As a world body the organisation has been criticised for being inherently political, particularly when it comes to issues like the recognition of Taiwan, on which it seems to be influenced by China.

“WHO from the very beginning have not done a great job, from the very beginning they have operated too closely with the Chinese authorities,” Dr Chongyi said.

“That has been a source criticism from countries around the world.”

Tedros Adhanom, director general of the World Health Organization, shakes hands with Chinese President Xi Jinping in Beijing on January 28, 2020. Source: Getty
Tedros Adhanom, director general of the World Health Organization, shakes hands with Chinese President Xi Jinping in Beijing on January 28, 2020. Source: Getty

It’s also not the first time in recent memory the WHO has been criticised for being too slow to act during an epidemic.

In 2015, experts widely lambasted the organisation’s response to the Ebola outbreak, saying its reticence to declare a global health emergency contributed to the “immense human suffering, fear and chaos” in parts of Africa where the virus spread.

In the wake of the epidemic, experts from Harvard’s Global Health Institute and the London School of Hygiene & Tropical Medicine said the organisation’s failure to sound the alarm until months into West Africa’s Ebola outbreak was an “egregious failure”.

As a response, the outbreak went “largely unchecked” by a reliable and rapid institutional response.

Who funds the WHO?

The US is by far the biggest financial contributor to the WHO. It reportedly contributed about US$400 million last year, but back in March was making noises about halving that amount.

US secretary of state Mike Pompeo told reporters at the end of last month: “Our contribution exceeded US$400 million last year, 10 times that of China.”

The WHO relies on donations and regular payments from member countries which it calls assessed contributions. The amount each member state must pay is calculated relative to the country's wealth and population.

For instance, if you look at a spreadsheet of the WHO’s latest funding contributions from countries, the US chipped in nearly US$58 million while little old Vanuatu sitting a couple spots below in alphabetical order contributed less than $5,000, in 2020 up until March 31.
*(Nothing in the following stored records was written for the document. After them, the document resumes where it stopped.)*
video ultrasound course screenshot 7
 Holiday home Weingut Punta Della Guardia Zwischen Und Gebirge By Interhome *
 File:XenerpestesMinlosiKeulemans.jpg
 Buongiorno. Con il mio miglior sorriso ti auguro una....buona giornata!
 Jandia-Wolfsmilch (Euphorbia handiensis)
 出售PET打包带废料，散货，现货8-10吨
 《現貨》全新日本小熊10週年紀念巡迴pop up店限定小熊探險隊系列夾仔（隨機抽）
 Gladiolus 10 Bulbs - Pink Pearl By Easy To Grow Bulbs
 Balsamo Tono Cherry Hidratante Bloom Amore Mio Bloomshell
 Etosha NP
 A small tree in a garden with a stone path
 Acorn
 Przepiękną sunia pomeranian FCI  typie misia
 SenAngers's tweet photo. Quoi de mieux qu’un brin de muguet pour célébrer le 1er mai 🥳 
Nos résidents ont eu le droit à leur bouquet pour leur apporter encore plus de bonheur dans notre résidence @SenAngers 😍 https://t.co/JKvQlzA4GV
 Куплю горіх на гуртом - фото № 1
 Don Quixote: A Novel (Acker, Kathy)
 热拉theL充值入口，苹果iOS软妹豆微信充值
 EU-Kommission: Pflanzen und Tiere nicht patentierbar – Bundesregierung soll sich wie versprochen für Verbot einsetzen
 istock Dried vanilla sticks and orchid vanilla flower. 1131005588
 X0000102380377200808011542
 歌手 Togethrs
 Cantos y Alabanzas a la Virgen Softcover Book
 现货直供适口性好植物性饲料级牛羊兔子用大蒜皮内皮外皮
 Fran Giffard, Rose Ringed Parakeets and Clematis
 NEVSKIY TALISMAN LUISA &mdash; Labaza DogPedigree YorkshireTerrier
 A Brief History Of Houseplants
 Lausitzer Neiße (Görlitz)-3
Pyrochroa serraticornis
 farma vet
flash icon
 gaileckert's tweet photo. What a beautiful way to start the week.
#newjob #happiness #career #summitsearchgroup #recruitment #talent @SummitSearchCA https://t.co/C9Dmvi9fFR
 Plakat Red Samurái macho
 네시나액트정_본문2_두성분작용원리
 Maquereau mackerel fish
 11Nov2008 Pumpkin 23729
China has so far contributed nearly US$28 million in 2020 while Australia has paid close to $5.3 million for its membership this year.

“Assessed contributions have declined as an overall percentage of the budget,” in recent years to make about a quarter of the program budget, the WHO says on its website.

“However, assessed contributions remain a key source of financing for the organisation, providing a level of predictability, helping to minimise dependence on a narrow donor base, and allowing resources to be aligned to the program budget.”